A startup co-founded by a SpaceX alum, plans to jumpstart the future of space manufacturing with its orbital pharmaceutical lab — which will be run by robots.
As Bloomberg notes in a profile on the Los Angeles-based Varda Space Industries, the biggest thing going for Varda's gambit is the fact that in microgravity, atoms, and molecules behave differently. That's why space-bound manufacturing presents a unique opportunity to synthesize chemicals and drugs that aren't available on Earth.
"We have built a unique way to manipulate chemical systems," Varda co-founder and CEO Will Bruey told Bloomberg. "And the most expensive chemical systems on Earth are drugs. We knew that making them in space was the killer app of microgravity."
Unlike the human-oriented lab on board the International Space Station, Varda's robot lab capsule is at its widest point about three feet across. It's intended to make prototypes to be delivered back to Earth rather than making entire industrial-sized batches in space.
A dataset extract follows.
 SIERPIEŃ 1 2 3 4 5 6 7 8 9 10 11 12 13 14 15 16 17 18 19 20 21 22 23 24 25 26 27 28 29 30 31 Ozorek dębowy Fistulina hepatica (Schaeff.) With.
The world's 1st manufacturing satellite and re-entry vehicle getting ready with our partner @RocketLab for our launch in June on Transporter-8 pic.twitter.com/LJcHUDJ8Id
— Varda Space Industries (@VardaSpace) January 19, 2023
The company is planning to have its robots work on possible treatments for cancer, diabetes, and chronic pain.
As the report notes, Varda's "manufacturing satellite" is scheduled to make its maiden voyage on board a SpaceX rocket in June alongside "dozens" of other satellites.
This initial launch will test if the company's capsules can survive the fiery reentry through the Earth's atmosphere, which is no easy feat, especially with complex chemicals on board.
But Varda is confident in its product.
"We are able to do world-class chemistry," Varda co-founder Delian Asparouhov told Bloomberg. "We are not just aerospace jackwagons."